• WORK REQUIRED:
The answer is to be an exact copy of the lines below running from the line with "With rational equations, we" down to the line with "So if you want", both ends included, and nothing more.

• EXERCISE MATERIAL:
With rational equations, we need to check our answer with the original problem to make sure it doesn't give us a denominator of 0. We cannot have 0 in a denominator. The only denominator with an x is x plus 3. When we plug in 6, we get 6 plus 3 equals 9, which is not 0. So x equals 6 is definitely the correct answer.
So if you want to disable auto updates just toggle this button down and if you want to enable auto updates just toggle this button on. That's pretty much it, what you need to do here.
--
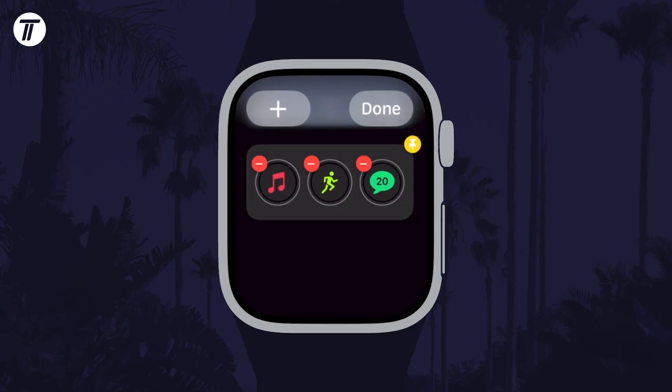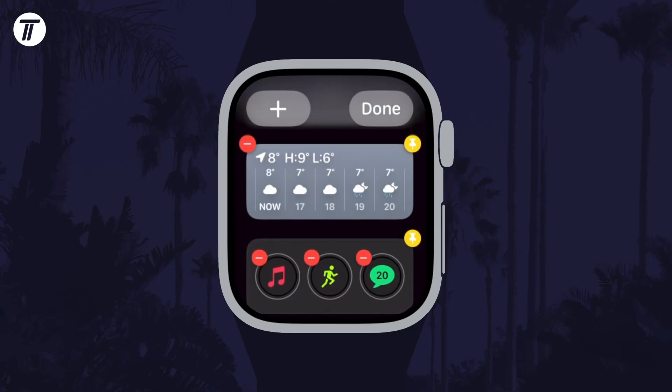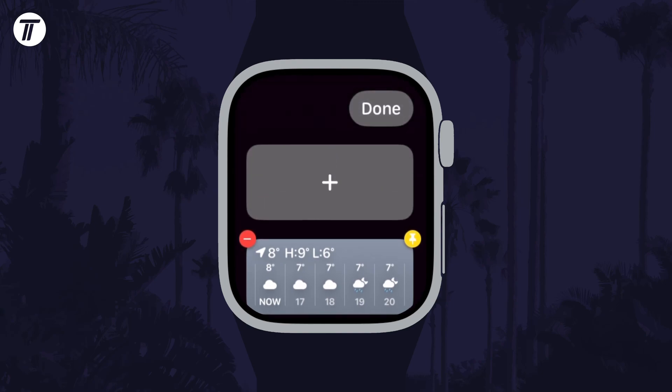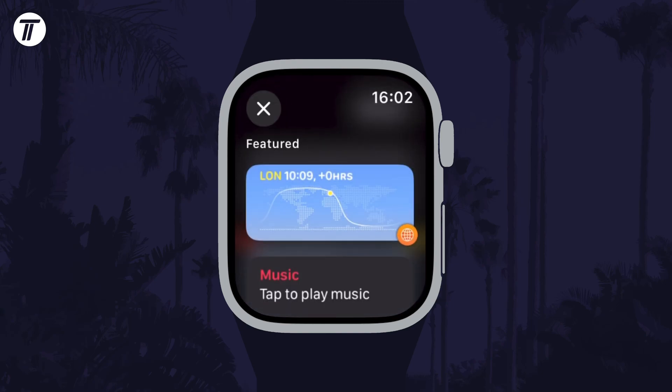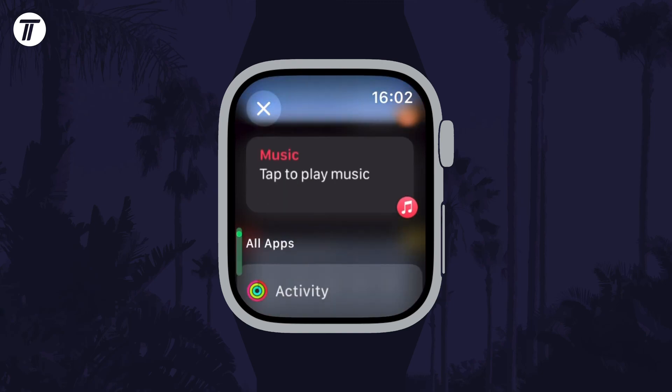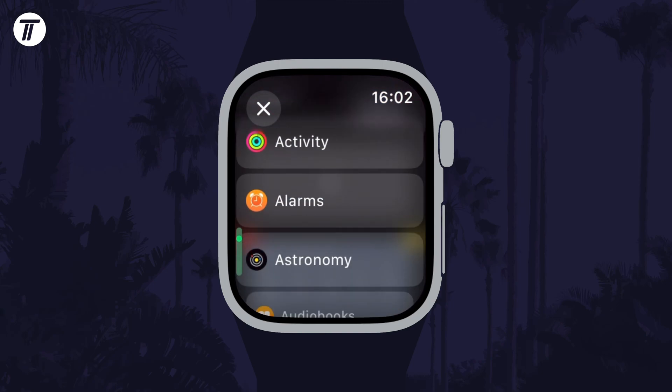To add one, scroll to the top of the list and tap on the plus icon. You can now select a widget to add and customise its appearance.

• OUTPUT FOR THIS TASK:
With rational equations, we need to check our answer with the original problem to make sure it doesn't give us a denominator of 0. We cannot have 0 in a denominator. The only denominator with an x is x plus 3. When we plug in 6, we get 6 plus 3 equals 9, which is not 0. So x equals 6 is definitely the correct answer.
So if you want to disable auto updates just toggle this button down and if you want to enable auto updates just toggle this button on. That's pretty much it, what you need to do here.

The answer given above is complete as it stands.